# Information provided
• • •

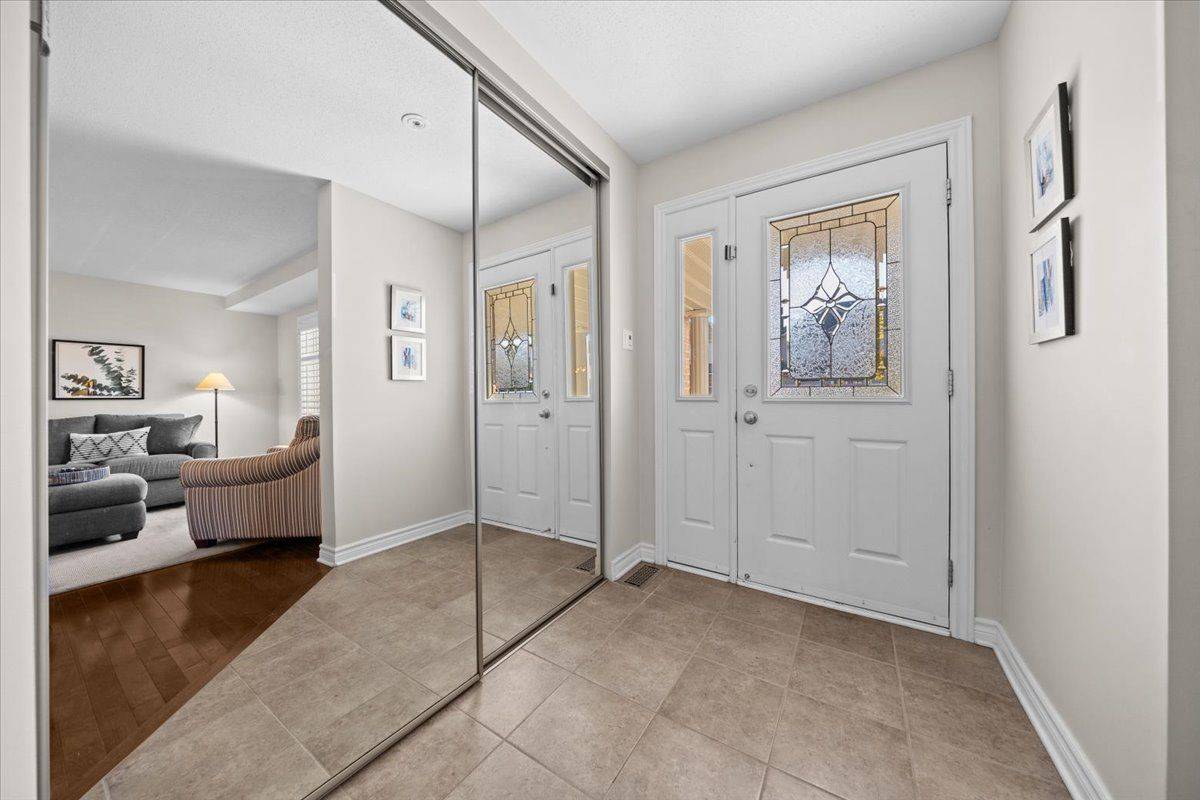 Orleans - Cumberland And Area, ON K4A 0S4,906 Pellerin PL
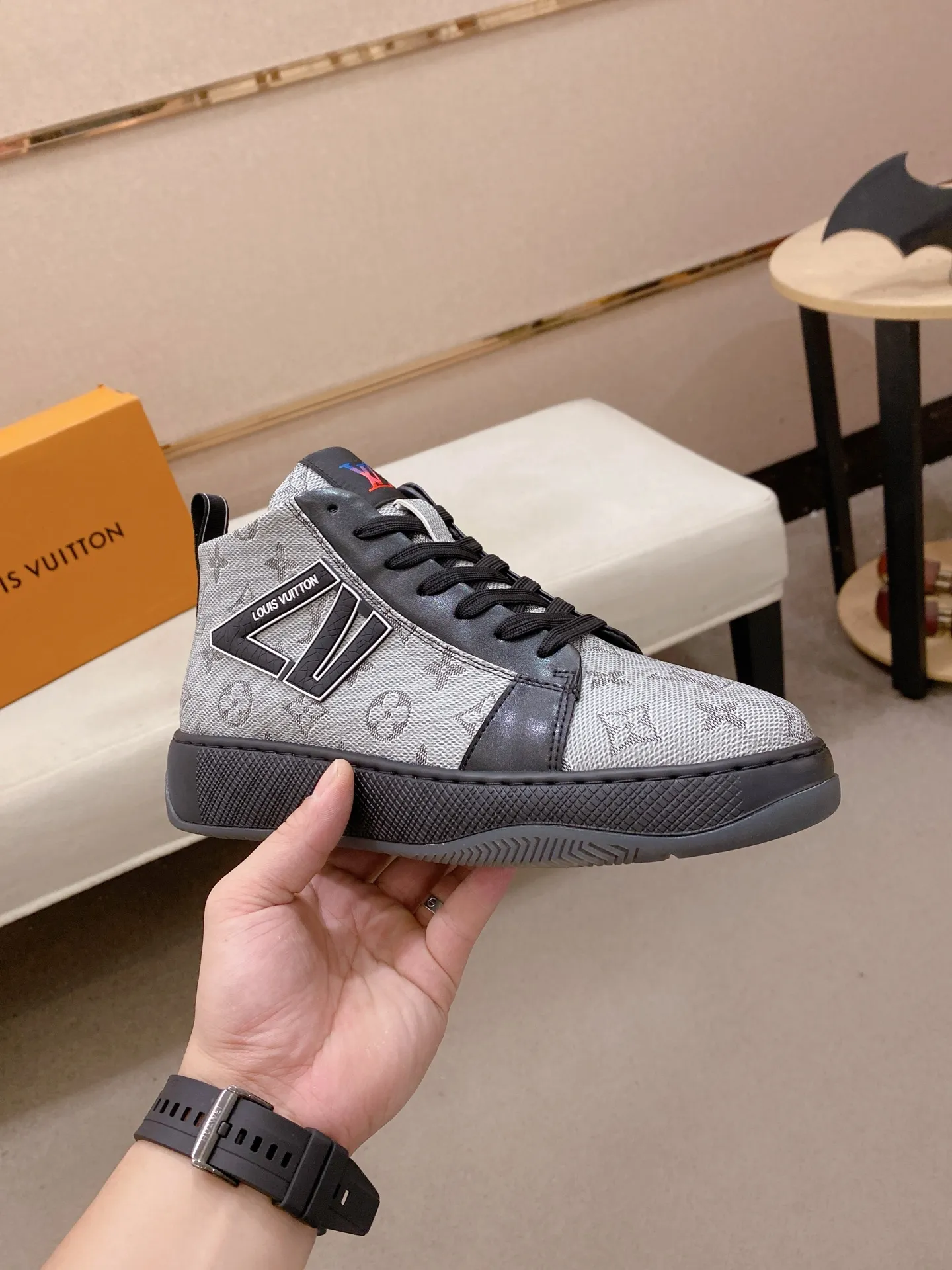 Factory price: 442💰🎉🎉LV~Louis Vuitton trendy men's shoes, new shipments, latest matching, same style as the official website, super high quality, hot selling in season [strong][strong][strong]Selected first-layer cowhide, comfortable sheepskin lining, original last, comfortable on the feet, wear-resistant rubber outsole, size: 38-44.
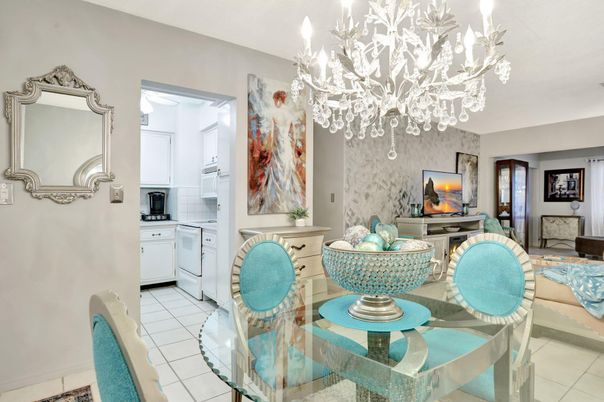 Chandelier, Dining room, Interior, Kitchen, Living room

• • •

The data needs to be reproduced exactly, please, apart from its pictures.

 Orleans - Cumberland And Area, ON K4A 0S4,906 Pellerin PL
 Factory price: 442💰🎉🎉LV~Louis Vuitton trendy men's shoes, new shipments, latest matching, same style as the official website, super high quality, hot selling in season [strong][strong][strong]Selected first-layer cowhide, comfortable sheepskin lining, original last, comfortable on the feet, wear-resistant rubber outsole, size: 38-44.
 Chandelier, Dining room, Interior, Kitchen, Living room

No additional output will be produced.